→ **Material for this exercise**
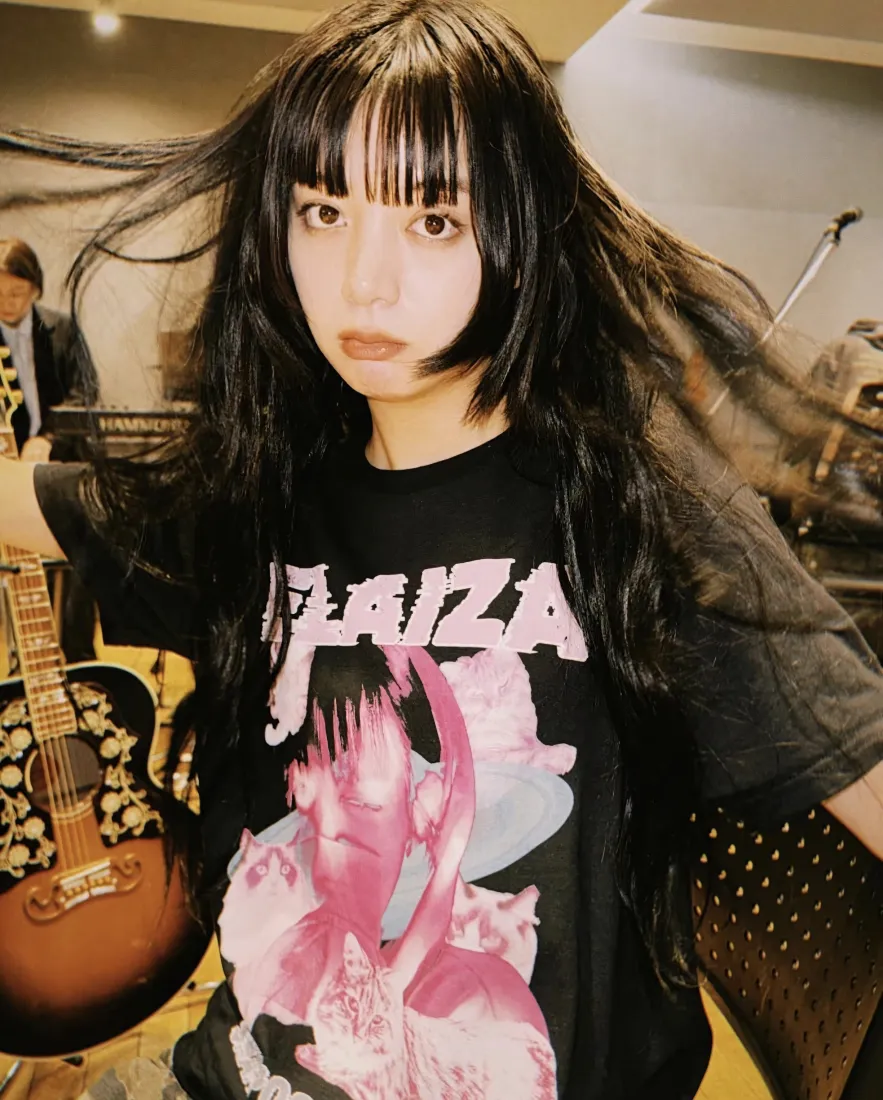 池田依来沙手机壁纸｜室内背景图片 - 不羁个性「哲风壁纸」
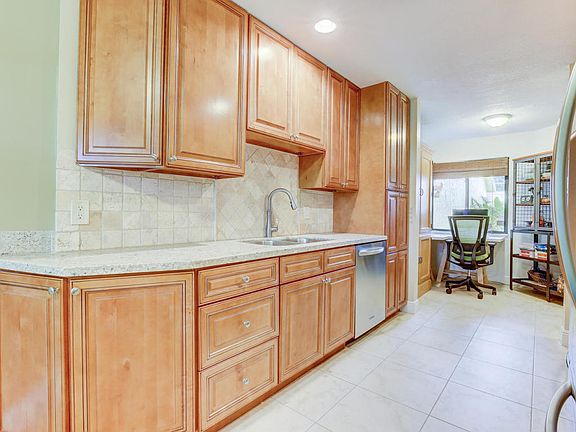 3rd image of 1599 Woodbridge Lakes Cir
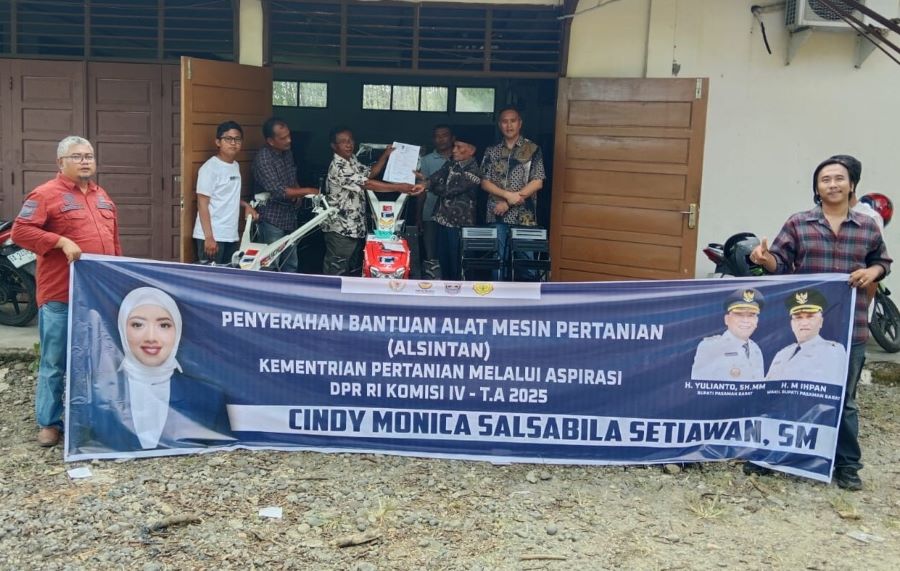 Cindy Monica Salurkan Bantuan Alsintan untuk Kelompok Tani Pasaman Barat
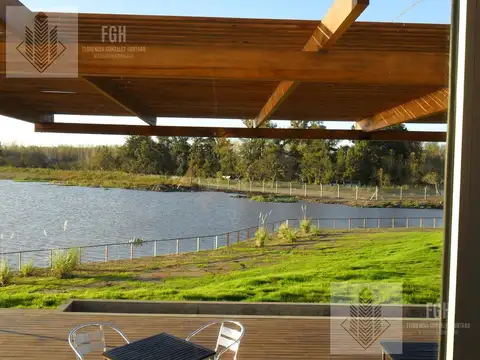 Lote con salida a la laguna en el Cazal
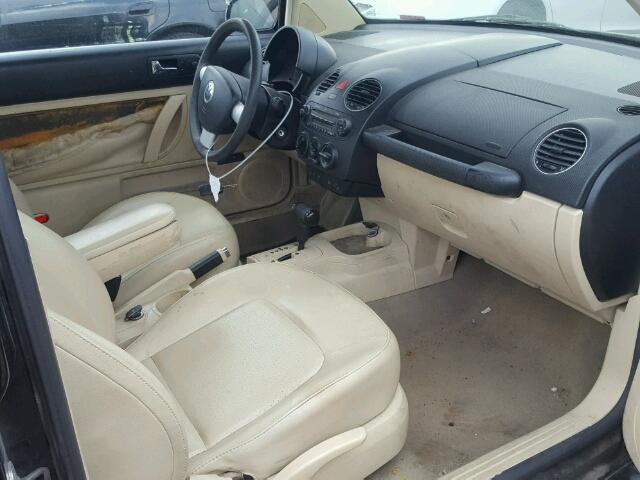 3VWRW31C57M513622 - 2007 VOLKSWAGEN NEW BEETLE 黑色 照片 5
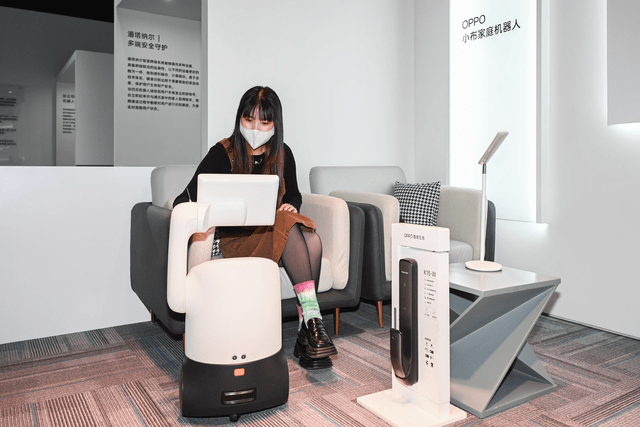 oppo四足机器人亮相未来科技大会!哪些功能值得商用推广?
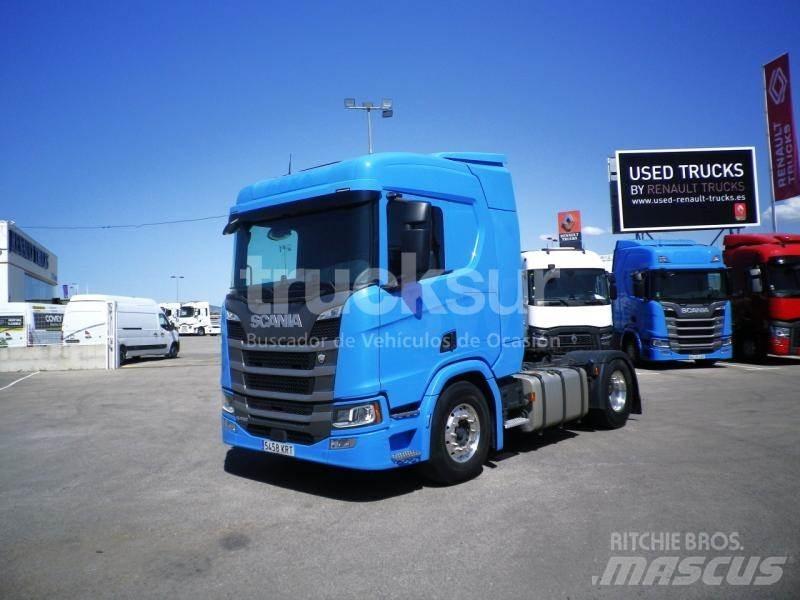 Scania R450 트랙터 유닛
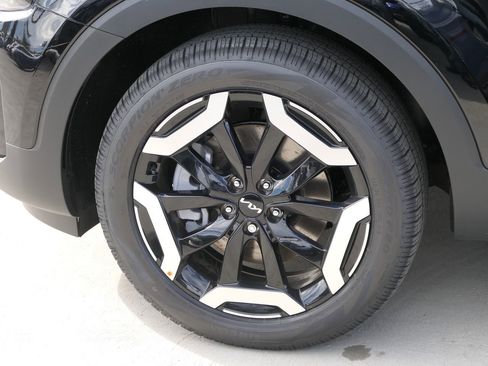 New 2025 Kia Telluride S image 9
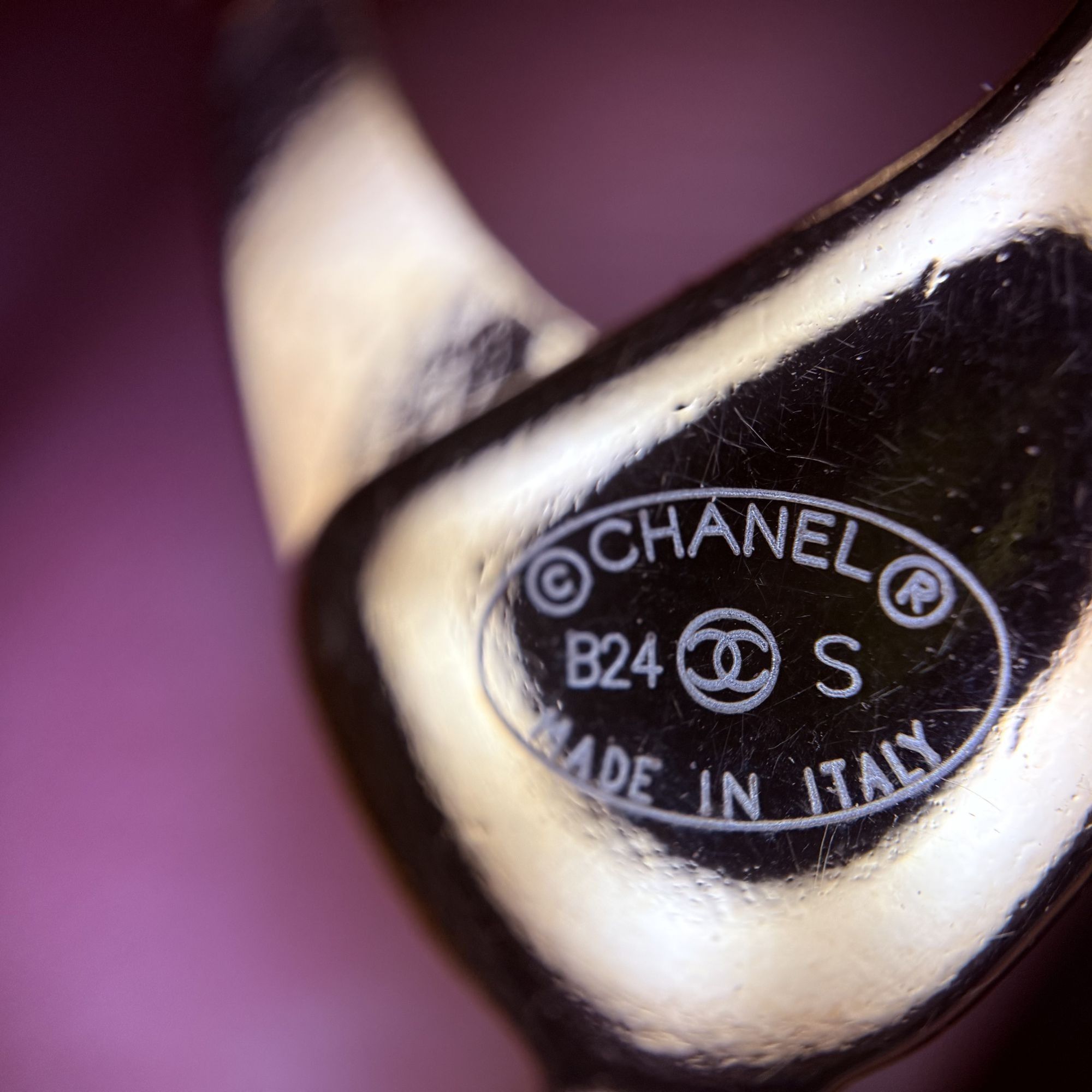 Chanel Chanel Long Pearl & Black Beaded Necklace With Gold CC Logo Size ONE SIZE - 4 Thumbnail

→ **Task goal**
Set the records down again word for word; the pictures stay out.

→ **Your solution**
 池田依来沙手机壁纸｜室内背景图片 - 不羁个性「哲风壁纸」
 3rd image of 1599 Woodbridge Lakes Cir
 Cindy Monica Salurkan Bantuan Alsintan untuk Kelompok Tani Pasaman Barat
 Lote con salida a la laguna en el Cazal
 3VWRW31C57M513622 - 2007 VOLKSWAGEN NEW BEETLE 黑色 照片 5
 oppo四足机器人亮相未来科技大会!哪些功能值得商用推广?
 Scania R450 트랙터 유닛
 New 2025 Kia Telluride S image 9
 Chanel Chanel Long Pearl & Black Beaded Necklace With Gold CC Logo Size ONE SIZE - 4 Thumbnail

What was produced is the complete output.